For each integer $n$ and $x\in (0,1)$, let $x = 0.k_1k_2k_3...k_nk_{n+1}...$, where $k_i$ is an element of $\{0,...,9\}$ be the decimal expansion of $x$. For such $x$, define $f_n(x) = 0.k_1k_2...k_n$.
a) Show that $f_n$ is measurable.
b) Compute the integral of $f_n$ over $(0,1)$.
c) Compute the limit of the integral of $f_n$ over $(0,1)$ as $n$ approaches infinity, AND compute the integral of $lim f_n$ over $(0,1)$ as $n$ approaches infinity.
b) and c) are (of course) computational, and not so much of a problem - although, I'd appreciate comments on those, just in case it gives interesting counterpoints!

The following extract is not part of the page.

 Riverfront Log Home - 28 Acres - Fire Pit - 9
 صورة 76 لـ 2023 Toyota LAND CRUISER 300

My real question is this: $f_n$ is essentially defined in such a way that it produces a step function on $(0,1)$, is it not? In other words, $f_n$ truncates members from a set, resulting in a countable image, like so: $f_5(x) = 0.k_1k_2k_3k_4k_5$, so if we take an interval such as $(0.123450,0.123459)$, EVERY $x$ in this interval will map to $0.12345$ in $f_5$, and likewise for other intervals. Thus, $f_n$ is the sum of a series of simple (in fact, single-valued, characteristic) functions. As characteristic (therefore continuous) functions, they are measurable, because continuous functions map intervals to intervals, and all intervals have measure. And so $f_n$, as a sum of measurable functions, is also measurable.
(A sidenote: it would appear that each $f_n$ can be represented as the sum of exactly $10n$ characteristic functions, each of which is defined on (again) $10n$ disjoint subintervals of $(0,1)$.)

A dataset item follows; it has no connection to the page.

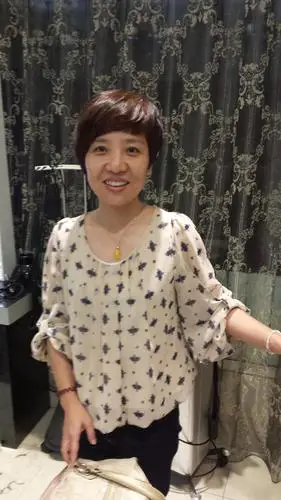 50岁丧偶女征婚照片(id:84745175)_广东深圳征婚交友_珍爱网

You are right that $f_n$ is a step function. Indeed, for each fixed $n$, the image of $f_n$ are $\{y = 0.k_1...k_n: k_i \in \{0,1,...,9\}\}$. This is a finite set (not only countable).
On the other hand, for each $y$ in the image, $f^{-1}(y)$ is the interval
$$f^{-1}(y) = [y , y + 10^{-n})$$
(which is not exactly the same as your example $(0.12345, 0.123459)$)
Note that this shows already that $f_n$ is measureable, as for ANY set $A$, $$f^{-1}(A) = \bigcup_{y\in A} f^{-1}(y)$$
is the finite union of half open intervals, thus is measureable.
Note that characteristic function are Not continuous in general.